A Compassionate Spy

Christopher Nolan’s recent blockbuster about ‘the father of the atomic bomb,’ J. Richard Oppenheimer, has reinvigorated interest in the Manhattan Project, where German physicist Klaus Fuchs was revealed to have spied for the Russians.  He was convicted in 1950 and served nine years in prison.  But it wasn’t until 2019 that the project’s youngest scientist, an 18 year-old American recruited from Harvard University, was revealed to have also shared secrets with the Soviets, driven by a strong sense of morality.  With access to his children, those of his best friend ‘Savy’ Sax, whose family immigrated from Russia and who encouraged and assisted him, and, most importantly, his wife of 52 years, Oscar nominated documentarian Steve James reflects on how history was changed by “A Compassionate Spy.”

Laura's Review: B

I never expected to come away from a documentary about a spy who gave nuclear secrets to the Russians wondering if perhaps he did the right thing, but Steve James’s documentary on Ted Hall will make you think about what the course of history might have been if the U.S. had been the only one with this fearsome power.  James uses Ted and Joan Hall’s love story to frame his subjects as the human beings they are, the better to understand where they are coming from, but never resorts to rose-colored glasses.

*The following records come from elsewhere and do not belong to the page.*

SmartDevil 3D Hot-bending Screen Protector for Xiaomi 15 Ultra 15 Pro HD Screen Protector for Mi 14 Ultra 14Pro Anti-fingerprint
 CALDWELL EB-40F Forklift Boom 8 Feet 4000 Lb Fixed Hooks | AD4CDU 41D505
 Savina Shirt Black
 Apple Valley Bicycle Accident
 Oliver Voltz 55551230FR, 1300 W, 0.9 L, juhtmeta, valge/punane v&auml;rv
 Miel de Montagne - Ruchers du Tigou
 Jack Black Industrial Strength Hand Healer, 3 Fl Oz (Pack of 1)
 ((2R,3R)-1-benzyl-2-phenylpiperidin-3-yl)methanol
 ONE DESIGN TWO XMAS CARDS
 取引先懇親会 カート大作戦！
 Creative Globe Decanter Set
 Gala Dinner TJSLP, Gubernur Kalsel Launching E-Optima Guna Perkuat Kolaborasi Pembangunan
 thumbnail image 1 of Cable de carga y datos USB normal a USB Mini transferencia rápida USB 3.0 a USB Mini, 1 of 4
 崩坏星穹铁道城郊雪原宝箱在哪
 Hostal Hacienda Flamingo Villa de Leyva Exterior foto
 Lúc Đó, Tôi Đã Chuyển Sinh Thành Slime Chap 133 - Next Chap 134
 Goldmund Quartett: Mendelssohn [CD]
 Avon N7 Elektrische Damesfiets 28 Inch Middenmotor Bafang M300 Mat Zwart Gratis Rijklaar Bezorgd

James illustrates how a personal history impacted the global one by intercutting Joan’s 2019 recollections with recreations of her memories and interview footage from different time periods including a 1998 documentary on the Cold War and a VHS tape Joan had made asking Ted questions before he died in 1999.  Joan, who at 18 had been determined to remain single for ten years, is practically giddy remembering her early days with Ted, having met him after the war in 1947 at the University of Chicago and almost immediately abandoning her pledge.  But their love affair was a three-way triangle, Ted’s buddy Savy a constant presence.  But it was Ted who proposed to Joan, who immediately accepted.  Then he told her what he had done, and why, giving her the opportunity to back out.  She never did, enduring years of being tailed by the F.B.I. (Hall was questioned, eventually just boldly walking out of the interrogation room) and having her phone bugged, always there to tell Ted to stick to his story when his hatred of lying would cause him to waver.

Recreations in documentaries can be a dicey thing, but James uses them skillfully, young actors resembling their counterparts accompanying Joan’s narration.  There is a particularly harrowing moment when the couple, having moved to New York where Ted now worked in biophysics, must attend a work related party, driving by the prison where Julius and Ethel Rosenburg were about to be executed.  (Joseph Albright and Marcia Kunstel, the authors of ‘Bombshell,’ note that the Rosenburgs were ‘small fish’ compared to Ted Hall.)

There is some hint that jealousy may have played a part in the spying, Ted, not Savy, being recruited to Los Alamos and Ted, not Savy, winning Joan’s hand.  It was Savy who urged him to give the implosion bomb plans to the Russians and both men’s children grapple with their father’s histories.  James fleshes out Hall’s moral conundrum with forgotten facts about post-nuclear America that are quite chilling, suggesting what might have been had Russia’s development of nuclear power not been a check on the U.S.  “A Compassionate Spy” relates a little known story with major historical impact.

Robin's Review: B

Anyone with even an inkling of modern American histories knows about Julius and Ethel Rosenberg and their execution for treason for selling nuclear secrets to the Soviet Union. Director Steve James tells the far lesser known story of Ted Hall, a young, idealistic physicist on the Manhattan project who also sold out to the Russians in “ A Compassionate Spy.”

I always go on that I am a student of history, but I am embarrassed to say that the man and his mission to Moscow never showed up on my historical radar. And, director James deftly fills in that gap in my knowledge of that piece of American history.

The documentary focuses on interview material with Hall’s wife, Joan, who provides much of the detail that fleshes out their story. In a nutshell, Hall was hired by the US government in 1944 at the tender age of 18 years as a junior physicist assigned to designing the nuclear bomb called “Fat Man,” an implosion device.

He was radicalized early on and, on a sham visit to NYC for his 19th birthday. Made contact with a Soviet contact. This culminated in those designs falling into Russian hands. Here is where the story of the Rosenbergs and the Halls split off in very different directions. For the former, it was death. For the latter, it meant a comfortable career in England, away from McCarthyism and criminal conviction.

What I got most from “A Compassionate Spy” is the “compassionate” aspect. Hall fervently felt that a US monopoly on nuclear weapon technology was a dangerous thing, that if only one power had it, a worldwide dictatorship would take place with America in charge.

While that is a distinct possibility, I question Hall’s idealistic – and very naïve – view of the world’s future at that time. Well, he had the right idea of all or none, with "the none" being the US destroying the technology forever. The negative side of Hall’s decision is we now face a crazy Vladimir Putin sitting on thousands of nuclear weapons with the power to use them.

Magnolia Pictures opens “A Compassionate Spy” in select theaters and on VOD on 8/4/23.